Ironically I’m taking a graduate-level political science con-law course this semester (the beginning of Uni is one reason I haven’t been as active in these forums as during winter break), taught by the same sort of nice-but-typical-academic progressor, and it is evident that there is a sort of doublethink; on the one hand, in some lectures, the outlook like the above of the Court as the great deliberative body that expands our rights and basically has plenary power to do so and the constitution means whatever they say, and then in other lectures, on other topics and other periods, expressing skepticism towards the court, “look at their reasoning, wasn’t it poor,” attitude, &tc. I’ve used my Q&A/discussion time to highlight that in the cases where he is suggesting they’re wonderful and in the cases they’re suggesting they are wrongheaded, they are behaving in exactly the same way, (illustrating through this, without directly saying, that he he/the textbook authors are doing the same thing he/the textbook authors/&tc cautioned us *not* to do at the beginning of the course: react as laymen, praising decisions whose outcomes we ideologically like and deploring decisions we ideologically dislike).
“The Supreme Court is a representative institution in that it attempts to do what is right for the nation as a whole.” is also presenting the Court-as-plenary-policy-maker rather than court as interpreter of law/interpreter of the constitution. It takes as a “given” the Progressive revolution that started a hundred years ago, that certain public officials/technical experts should be empowered “to do what [they think] is right,” which was based on believing that there is a certain class of people (public officials & intellectuals) who float above personal self-interest and have none of their own (i.e. governmental bodies/governmental agencies have no interests they pursue, they just pursue the general welfare), that they are – at least if guided by progressivism – are able to take a long overview, both in time and space – of society and discern what is best for everyone, and that if the Constitution-as-written acts as an obstacle to their doing so, they should simply ignore its limits and reinterpret it in favor of their expansive use of power (not that this represents government acting in its own interests – accumulation of power – or encroachment upon our lives, mind; they’re just doing it because it’s whats best for us, obviously, and if we fail to see that it just proves the point that we’re too benighted and need such wise overseers to make these decisions for us, and this is also why we can’t be bothered to use the cumbersome amendment process to make these constitutional alterations; left to that alone, these necessary changes simply would not happen because the people are too short-sighted to see the wisdom of the changes, but in time – under our enlightened-progressive guidance – most of them will come around later).
Any close examination of, say, anti-trust rulings, will highlight that this is bunk.

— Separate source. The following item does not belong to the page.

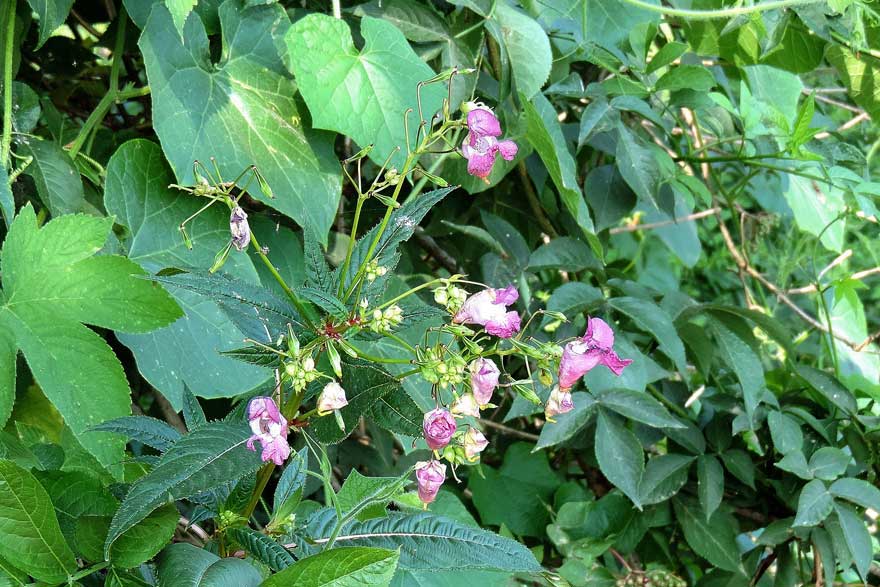 Impatiens glandulifera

Which is possibly why, even over 6 decades after John McGee’s empirical examination of the Standard Oil antitrust case, and much research into that by specialists in the field (including DiLorenzo & Armentano), none – not even the work of “mainstream” academics in that field – has penetrated the general (progressive) scholarly community, who still lecture as if all one needed to know was Tarbell and anti-trust has been designed (mainly by the courts) to protect the general public rather than simply used as a whip by one set of interests against their rivals. (And these modern academics prize themselves on how “empirical” they are).